I went to the University of Alberta for my undergraduate degree in geophysics and graduated in 2000. I did my first two years as a physics degree, with different career plans in mind, but when I did some more investigation into what would come after university, I decided that I needed a new plan. The practical application of physics in geophysics was appealing, and it was an easy switch. The only problem changing programs was scheduling the introduction to geophysics course, which paradoxically I had to take in the last semester of my final year.
After U of A, I got a job working for Canadian Occidental (which became Nexen and is now CNOOC) working on projects in SE Saskatchewan and the Lloydminster area. It was good experience, but I still had an interest in going back to school. So, after six years of working, I took time off to go to the University of Leeds in the UK. It was originally supposed to be for a master’s degree, but I was thoroughly enjoying my project and the experience, so it turned into a Ph.D.
When I came back to Calgary in 2010, the job market was tougher than when I graduated the first time. Thankfully, through my connections at Nexen, I was able to get hired back into their shale gas group, where I stayed for three years. In 2013, I made the switch to the service industry, getting a job at Canadian Discovery in their geophysical consulting group. In 2017, that group became Sound QI, where I continue to work today.
You went to the University of Leeds to pursue your Ph.D. How come you decided to leave the country? How was that experience? What differences did you perceive between the University of Alberta and the University of Leeds?
My wife and I had discussed our interest in living abroad for a while, and the prospect of going back to school over a fixed time period seemed like a perfect opportunity to do it. I started looking into professors that were doing research in the field of seismic attenuation – something I had developed an interest in since starting work. The University of Leeds had a long history of practical research into attenuation measurements, so it was an ideal choice.
I had a great experience in Leeds, and admit it was quite different from what I was expecting. Going to university a second time, but ten years older, having finished a degree, and having worked for six years makes it almost impossible to compare the two experiences. At U of A, I felt more a part of the university as a whole, whereas at the University of Leeds, I felt more connected with the geophysics department and its workings. Those differences likely had more to do with being an undergraduate versus graduate student. Really, the two universities are similar in many ways, such as in their size and the programs they offer, and most of the differences I can think of relate to the settings and cultures.
After working at Nexen for 9 years, you moved to Canadian Discovery, then Sound QI. How did you decide on doing this?
Switching to a service company was a result of wanting to focus the type of work I was doing.

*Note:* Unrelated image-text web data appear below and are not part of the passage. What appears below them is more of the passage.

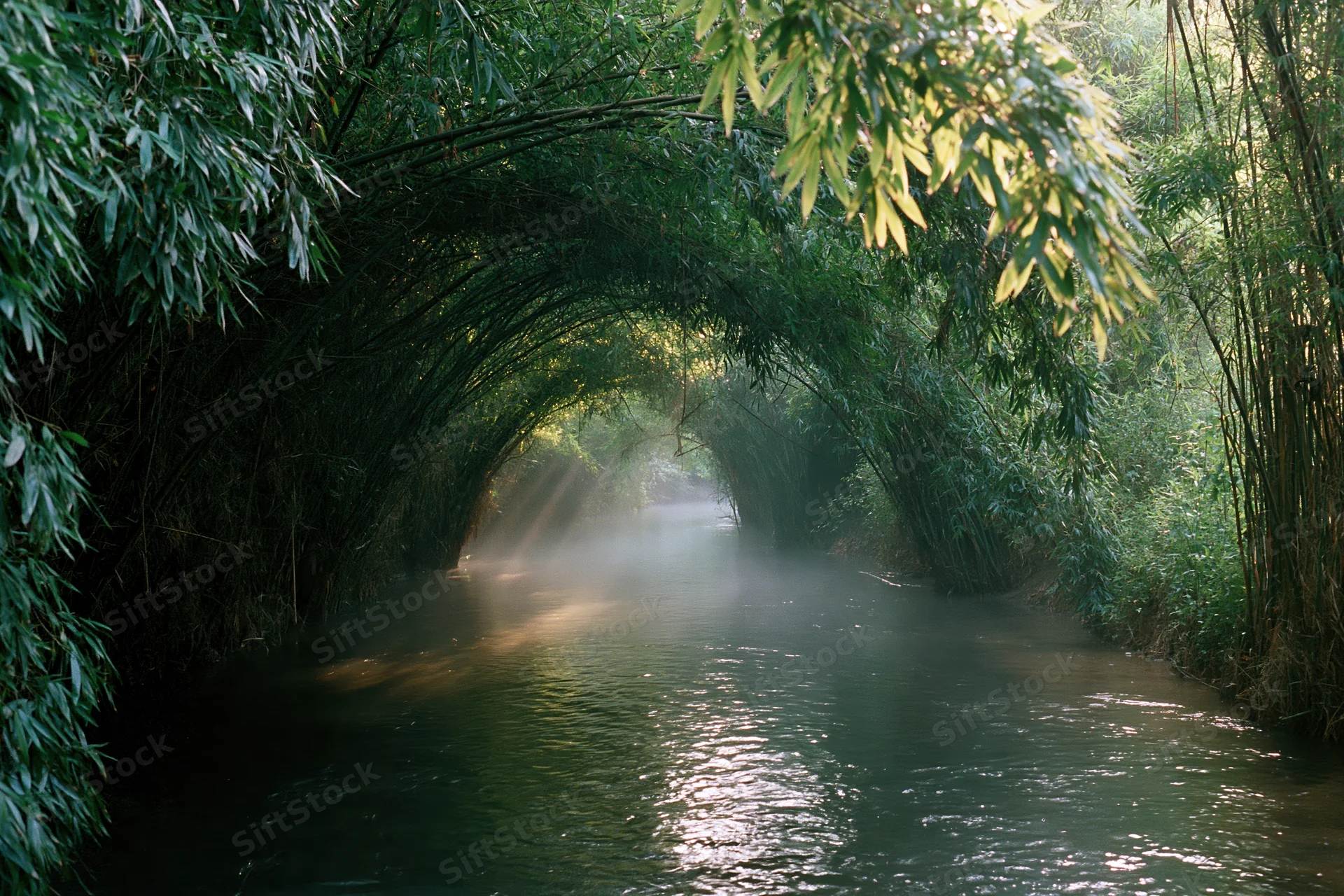 Narrow stream flowing through a bamboo forest tunnel with sunlight filtering through the canopy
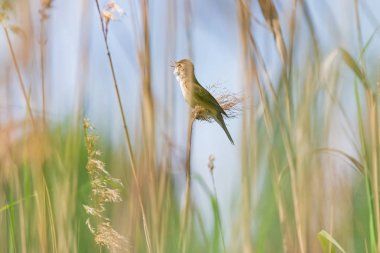nehir kenarında sazlıküzerinde şarkı ortak whitethroat şarkı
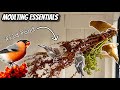 Moulting Essentials for Canaries & Finches | Wild Food, Vitamins etc...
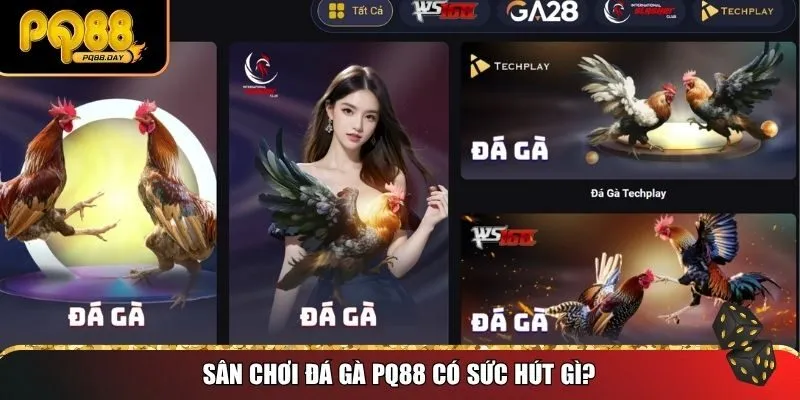 Sân chơi đá gà PQ88 có sức hút gì?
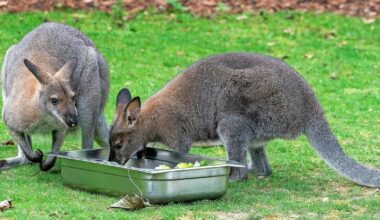 Mysteriöse Todesfälle von Kängurus schocken Solinger Tierpark Fauna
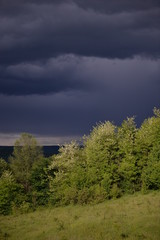 Obraz premium storm clouds in spring in the meadow near the forest with flowers
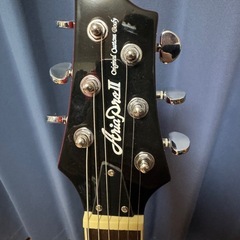 新品同様Aira Pro Ⅱ PE-350 ブラウンサンバーストの画像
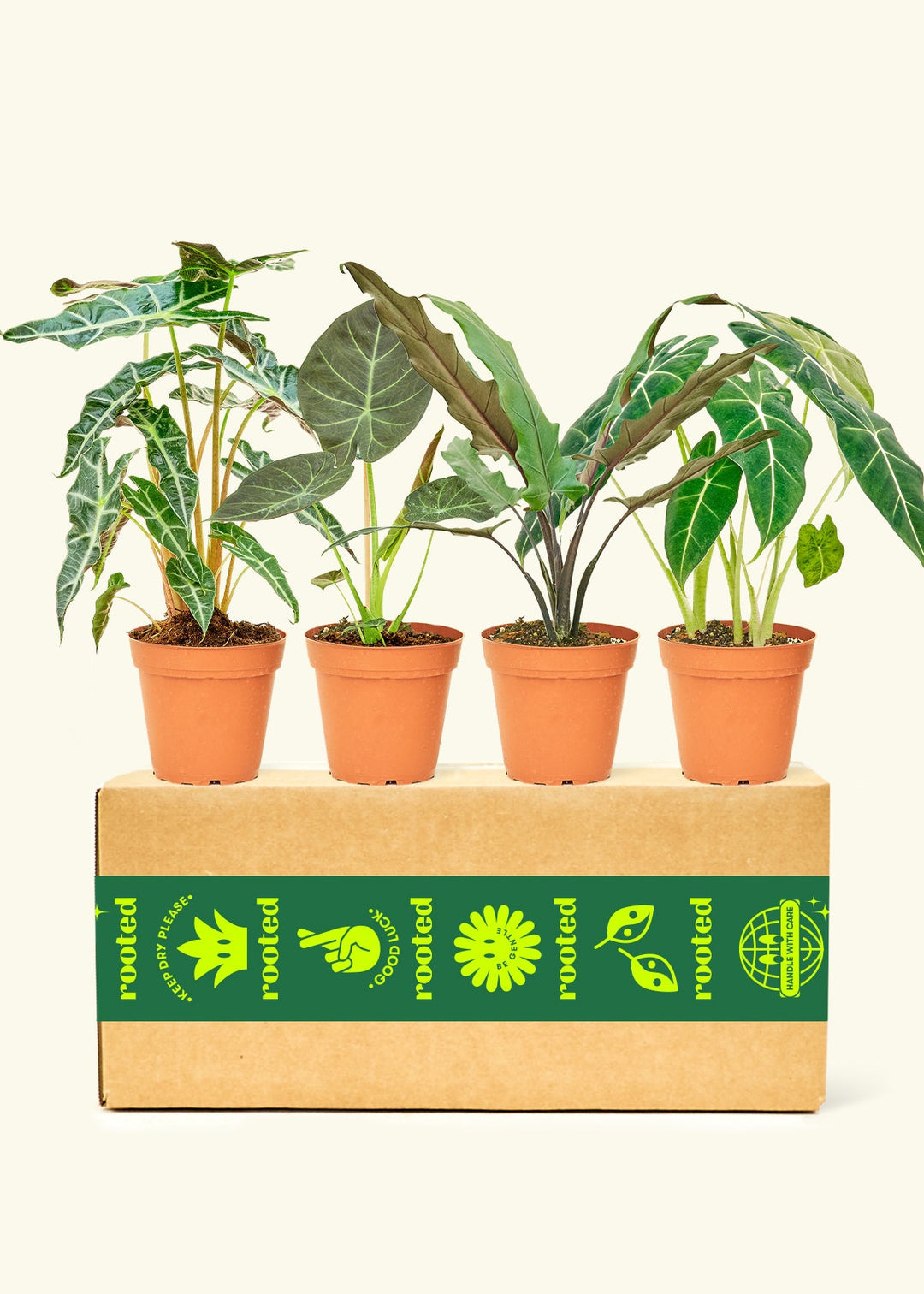 Assorted Medium Alocasias in grow pots displayed on a Rooted branded box.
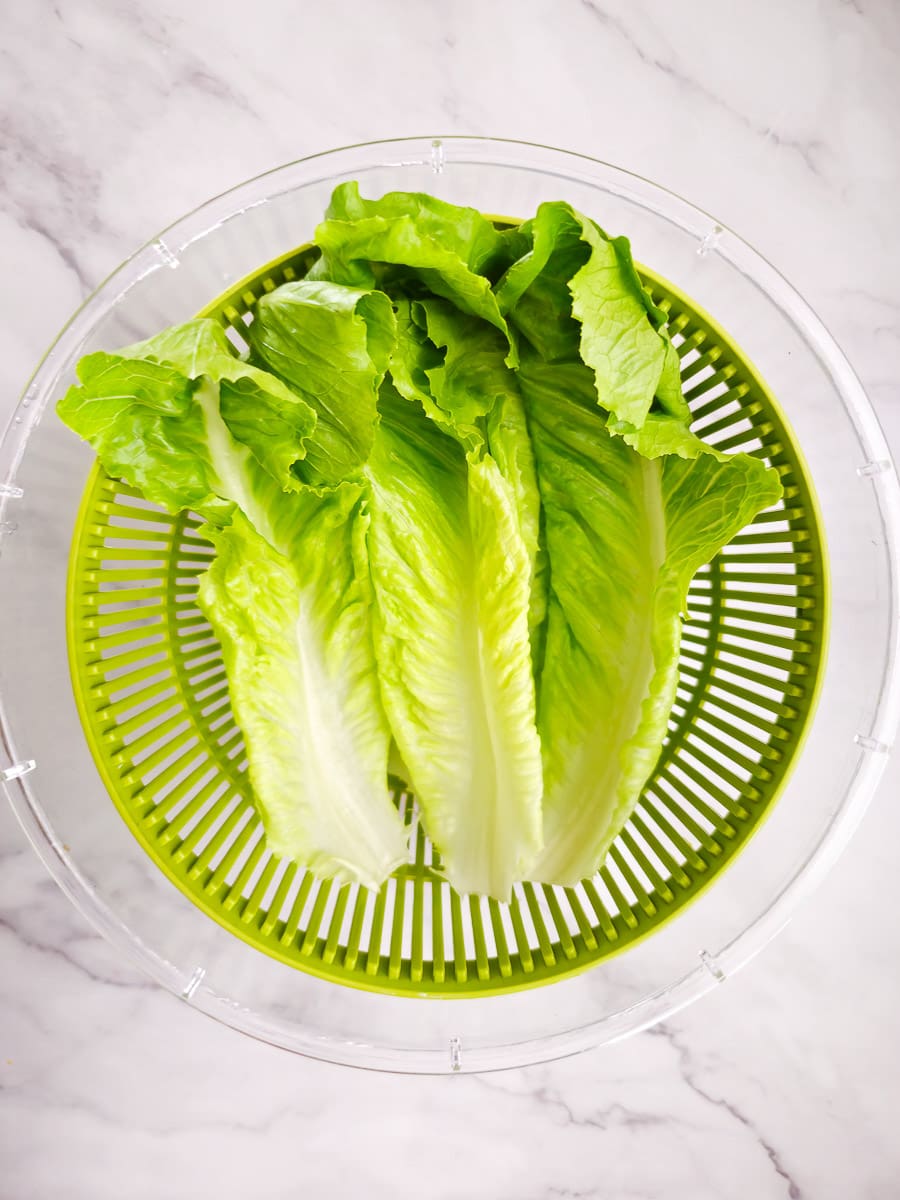 Cos / romaine lettuce in a salad spinner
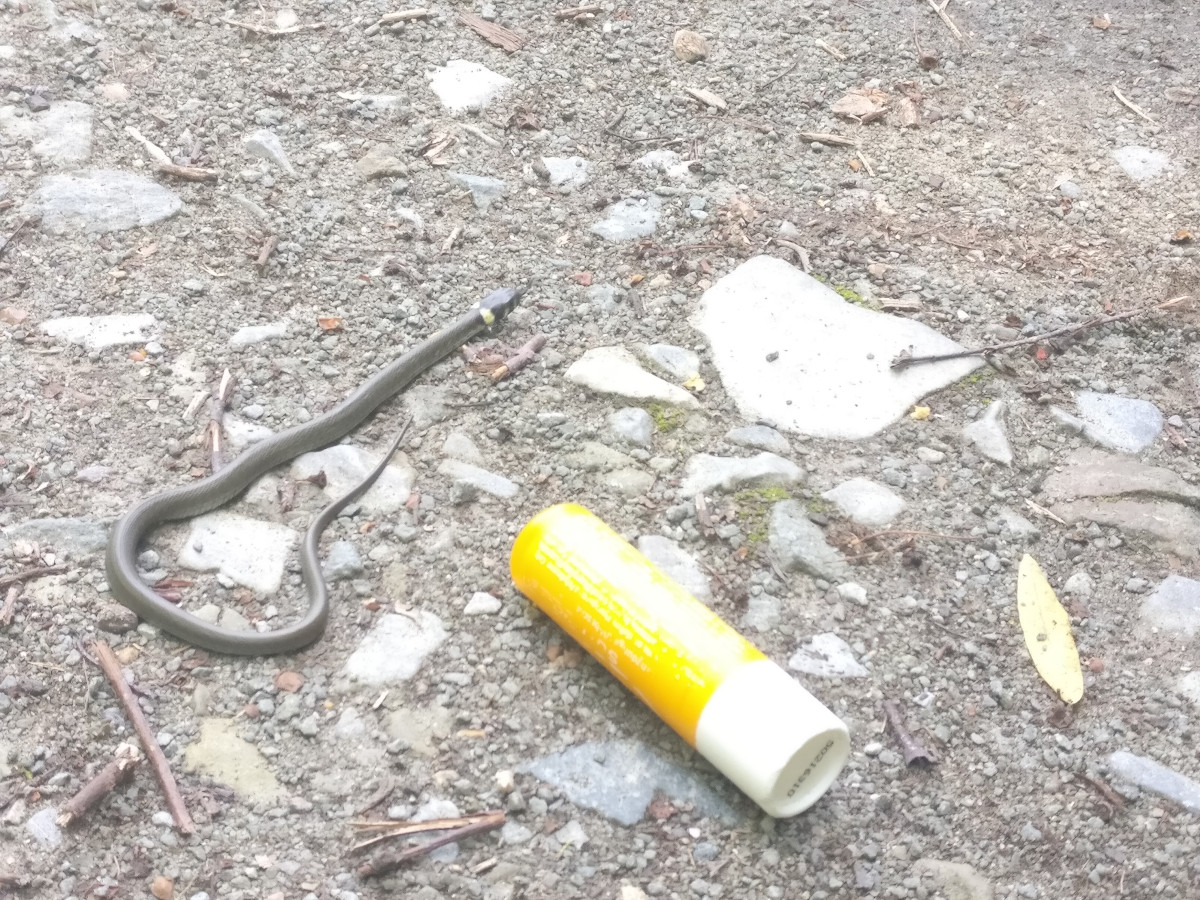 A small snake and a stick of Labello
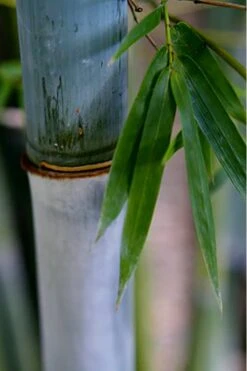 Baby Blue Bamboo - Bambusa Chungii 'Barbelatta' - 2 Gallon Pot -Plant Shop Bamboo Barbelatta 14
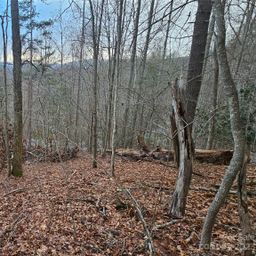 Lot 13 Seay Mountain Road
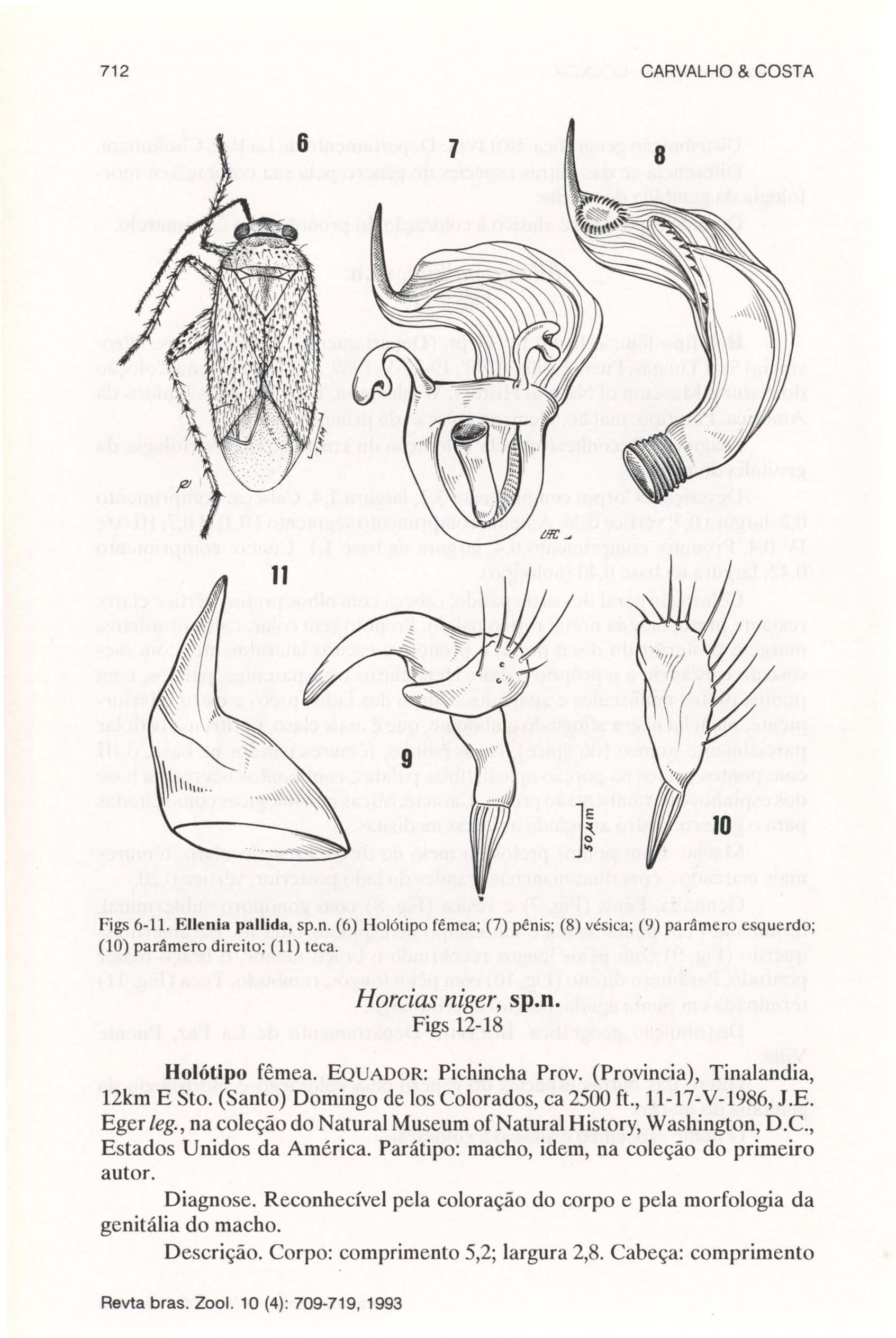 712 CARVALHO & COSTA 7 8 ]~ Figs 6-11. Ellenin pllllidll, sp.n. (6) Holótipo fêmea ; (7) pênis; (8) vésica; (9) parâmero esquerdo; (10) parâmero direito; (II) teca. Hordas niger, sp.n. Figs 12-18 Holótipo fêmea.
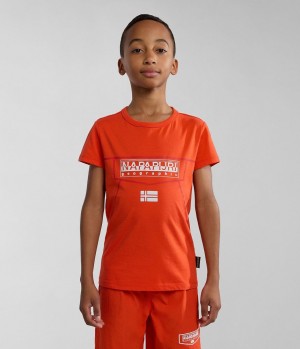 Napapijri Cree Short Sleeve T-Shirt (4-16 YEARS) T-shirts Kinder Orange | WEA-479012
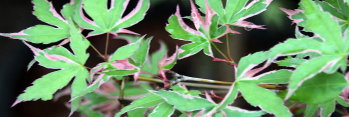 Acer palmatum Kagiri Nishiki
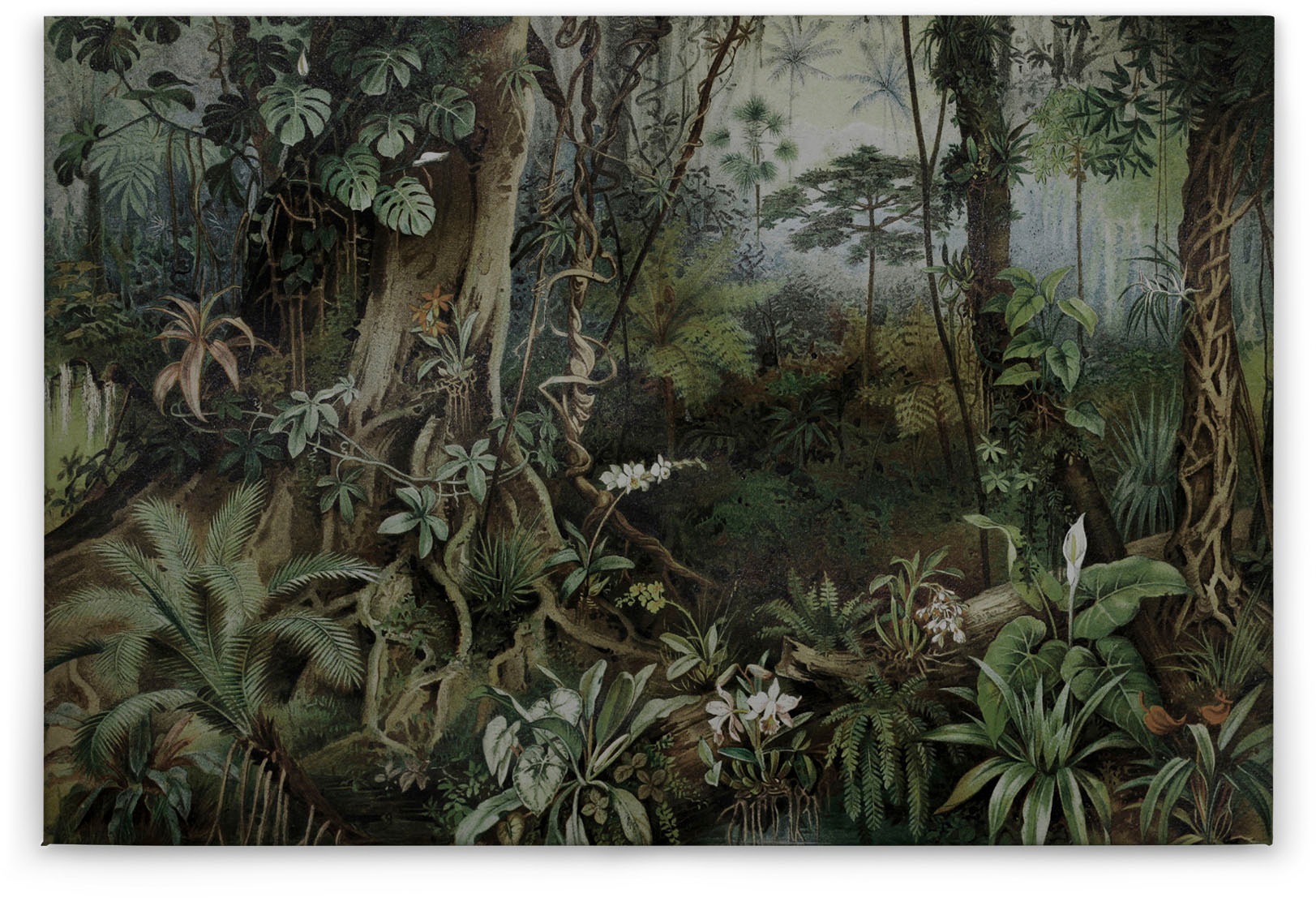 A.S. Création Leinwandbild »jungle«, Kunst-Gemälde-Kinder, (1 St.), Keilrahmen Bild Dschungel Wald Leinwand-Bild Wohnzimmer modern Kinder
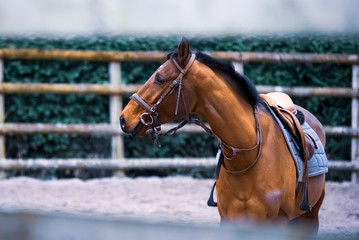 Obraz premium Portrait cheval en dressage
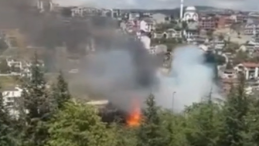 Kocaeli’de korkutan yangın: TEM Otoyolu kenarı alevlere teslim oldu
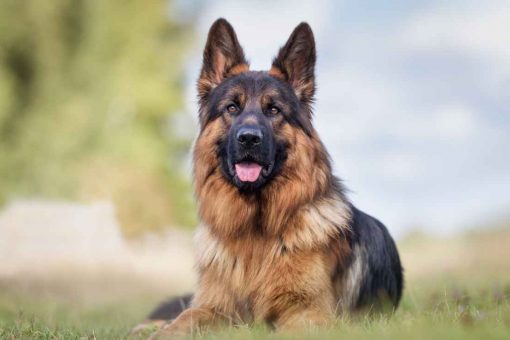 cane_pastore_tedesco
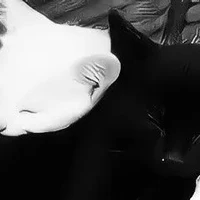 ? ? ? ( nhân vật bí ẩn/ nam) 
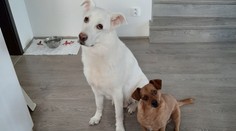 Koronavírus a domáci miláčikovia. Tu je šesť odpovedí, ktoré by mal poznať každý majiteľ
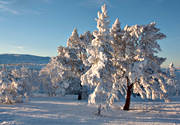 bjrk, dimfrost, fjll, fjllbjrk, fjllen, fjllmotiv, frost, frostig, kallt, kyla, midvinter, natur, rimfrost, solnedgng, stmning, stmningsbild, trd, vinter, vinterbild, vinterstmning, rstider
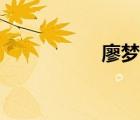 廖梦醒李湄（廖梦醒）
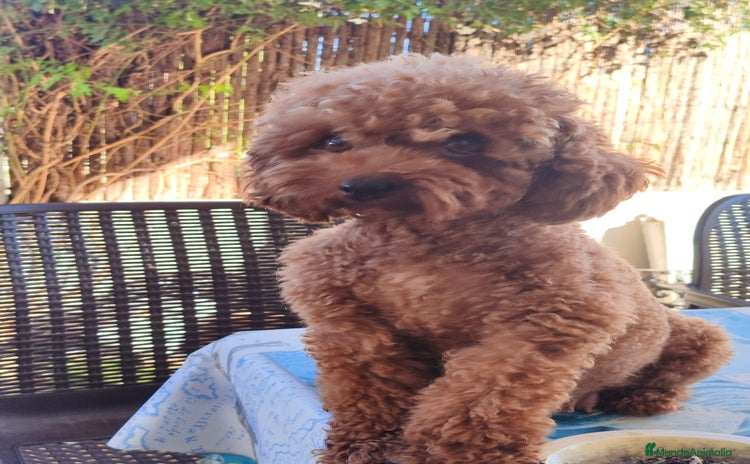 Caniche Toy perros Caniche toy rojo - Anuncio 3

I do miss that, at an E&P company, a geophysicist gets to be a part of all things seismic, from acquisition to processing to interpretation and analysis, in addition to helping with business decisions. However, I really enjoy technical seismic analysis, and on the service side, that is definitely where you get to focus your time. I had just finished some interesting projects at Nexen, and the opportunity to make the switch to Canadian Discovery came at the right time. The change into Sound QI has allowed even more geophysical focus, and I’ve had the chance to work on some great projects.
Apparently, your stint at Nexen made you attend to unconventional resource characterization, which included heavy oils, shale gas, etc. Would you say you were lucky to get that experience before unconventional resource characterization became the buzz words in our industry?
Working in heavy oil early in my career was the first time I was involved with using geophysics to provide information about the reservoir and its fluids. Changes in lithology, porosity, or the presence of bottom water, were all important considerations into how wells were planned. I got to work on a 4D project for a steam injection pilot and had to learn about fundamental rock-physics properties. Also, the opportunity to work on fields with differing geologies, combined with the reservoir characterization work we were doing at the time, I would indeed say was a lucky experience.
My experience in the shale-gas group, looking at the Horn River Basin, started in 2010, when these projects were getting a lot of attention. The acquisition of new seismic and microseismic, pad drilling, and the integrated analysis that was possible, was something I was fortunate to be a part of, early on, for that play type. The biggest learning was from having so many professionals working together on one project. I had the chance to see how others were working on things such as geomechanical and fracture analysis, well planning, and completions design, where the scope and expectation of the analysis were much larger than for typical conventional plays. It highlighted how geophysics could be advantageous to field planning, but also brought out the challenges of communicating those advantages, which is still an issue today.
Your research work for your Ph.D. was on robust determination of Q from seismic data. Why is it that after four decades of research efforts on Q determination and application, our industry still does not determine and apply Q compensation confidently to seismic data, during processing?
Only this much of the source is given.